Na contramão de tudo o que vem sido produzido no país, foi após uma terrível doença que o ator decidiu embarcar em produções que, além de entreter, também fizessem alguma diferença na sociedade. “Quando eu trouxe ‘Incêndios’ para cá, em 2013, eu tinha acabado de me curar de um linfoma, que me fez refletir muito. Com essas situações muito graves a gente fica um pouco desnorteado. A partir daí eu decidi que iria fazer alguma coisa que deixasse uma herança para minha geração. Eu fiquei muito assustado na época, mas felizmente deu tudo certo tanto no tratamento quanto na peça, e nós estamos aqui”, revelou. Mas emplacar duas tragédias não foi uma tarefa muito fácil para Felipe. “Eu tinha lido muitas peças do autor, e sugeri ‘Céus’ ao Aderbal. Ele me questionou se eu aguentaria fazer outra tragédia, ainda mais agora que para conseguir patrocínio está super dificil. Encontrar alguém que queira investir em tragédia no Rio, então, é praticamente impossível, mas a gente reuniu uma equipe bacana e acho que deu tudo certo”, comemorou.

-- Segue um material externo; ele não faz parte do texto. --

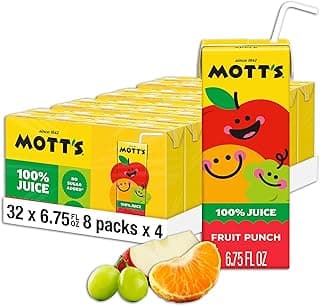100 Percent Fruit Punch Juice, 6.75 fl oz boxes, 32 Count (4 Packs of 8)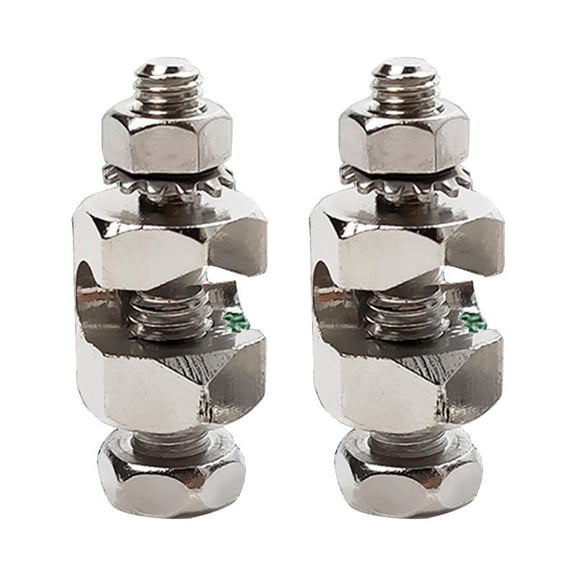 HONCLL 2x Solar Panel Photovoltaic Bolt-On Coupling Earthing Ground Lug Cable Clip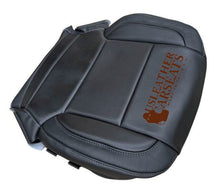 Load image into Gallery viewer, For 2014 - 2019 Chevy Silverado LTZ Full Front Driver  Leather Seat Cover Black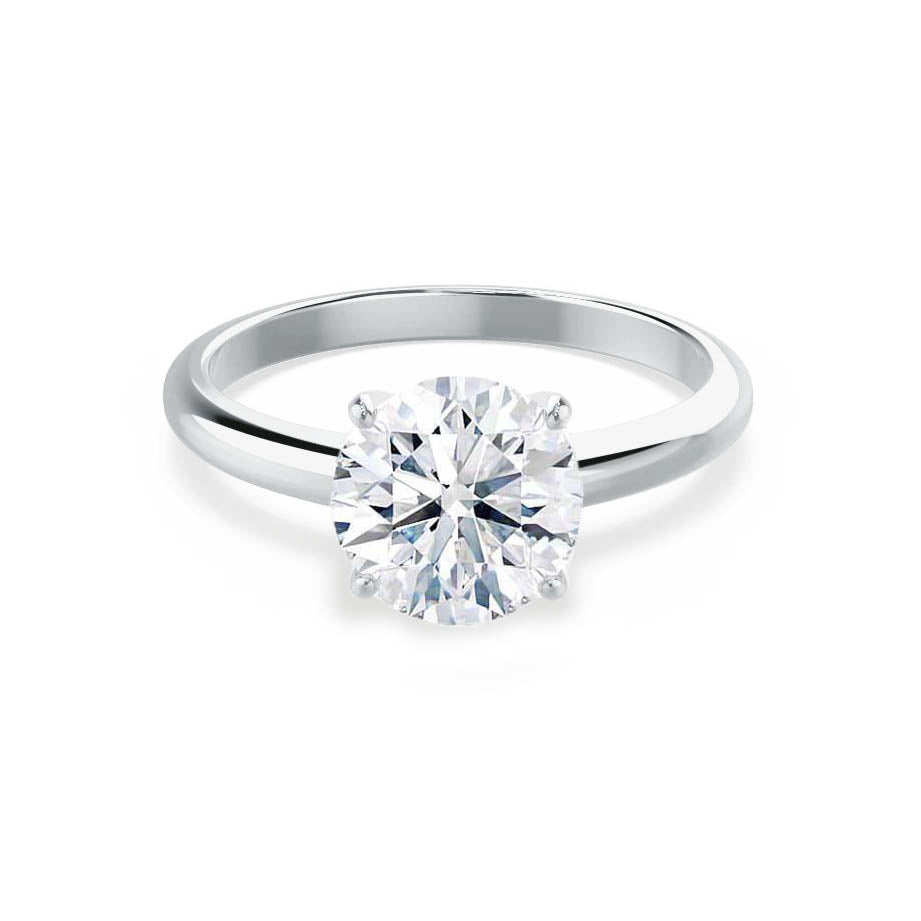 Moissanite Solitaire Ring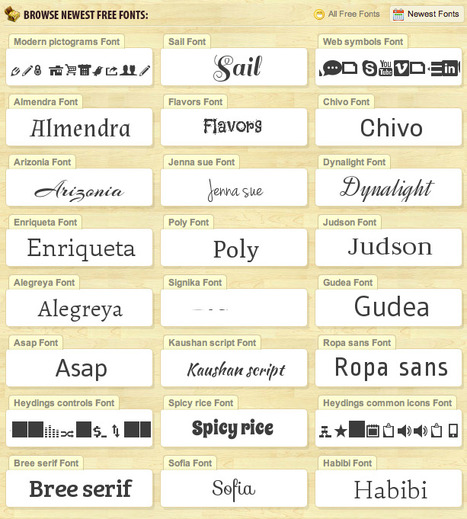 Free Fonts to Download + Premium Typefaces | Digital Delights - Images & Design | Scoop.it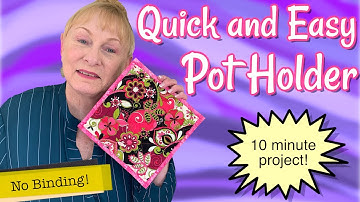 Quick and Easy 10 Minute Pot Holder | The Sewing Room Channel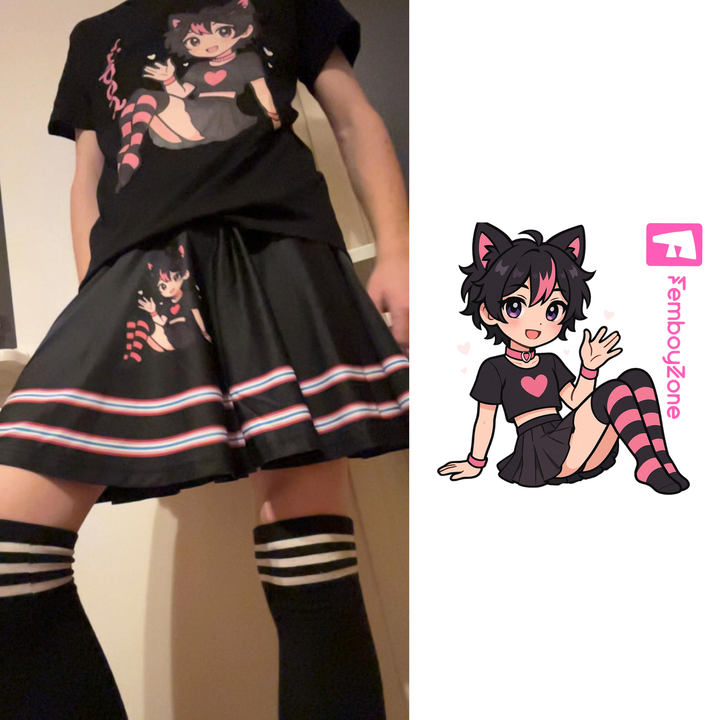 💖 Femboy Legendary Set – Become Your Cutest Self Shirt Ediiton! 💖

Apesar dos 15 anos de carreira, foi através do personagem Sam, da polêmica “Verdades Secretas” que Felipe ganhou grande notoriedade no país. Questionado, ele garantiu que o assédio aumentou e muito nas ruas. “Se eu falar que não é mentira. ‘Verdades Secretas’ foi um crescimento pra mim, uma grande vitrine em um lugar que eu nunca tinha tido acesso, ainda mais em uma novela das 23h. Fomos muito bem aceitos pelo público. Falar de trabalho pra mim é sempre ótimo, adoro falar de personagem e o porquê das coisas, sabe? Mas tem vezes que as pessoas passam do limite, óbvio, mas a gente vai aprendendo a lidar”, comentou ele, que não soube opinar onde se sente mais à vontade trabalhando. “Eu não sou preconceituoso com absolutamente nada. Eu amo série, cinema, teatro e televisão. O que eu puder acrescentar a uma obra e a obra puder acrescentar a minha trajetória como artista está valendo”, avisou.
Atento aos movimentos políticos do país, Felipe de Carolis adiantou que a captação de recursos para montar uma peça no Brasil tem sido cada vez mais complicada. Apesar de estar emplacando sua segunda montagem nos palcos, ele garantiu que os patrocinadores têm virado a cara para o gênero da tragédia. “As pessoas acham que eu sou louco em investir nisso, especialmente nesse momento. Existe uma caça às bruxas nessa CPI da Rouanet, que eu acho legal, porque se existem pessoas cometendo crimes, que elas sejam punidas. Mas quando generalizam o processo, isso tudo acaba respingando em pessoas honestas”, avaliou o ator, sem deixar seu engajamento político de lado. “Qualquer extremismo é um grande equívoco. Fiquei muito triste com esses excesso de acusações e dedos apontados. Sobre a queda do Cunha, eu sou absolutamente a favor. No entanto, nunca votei no PT, mas não vejo a Dilma como culpada por um histórico de 12 anos. Infelizmente aconteceu dessa maneira, mas espero que a gente consiga logo novas eleições diretas e que as pessoas parem de se agredir através das redes sociais”, completou.
Serviço: Teatro Poeira – Rua São João Batista, 104, Botafogo. Quinta a sábado, 21h; domingo, 19h. R$ 80,00. Bilheteria: 15h/21h (ter. e qua.); a partir das 15h (qui. a dom.).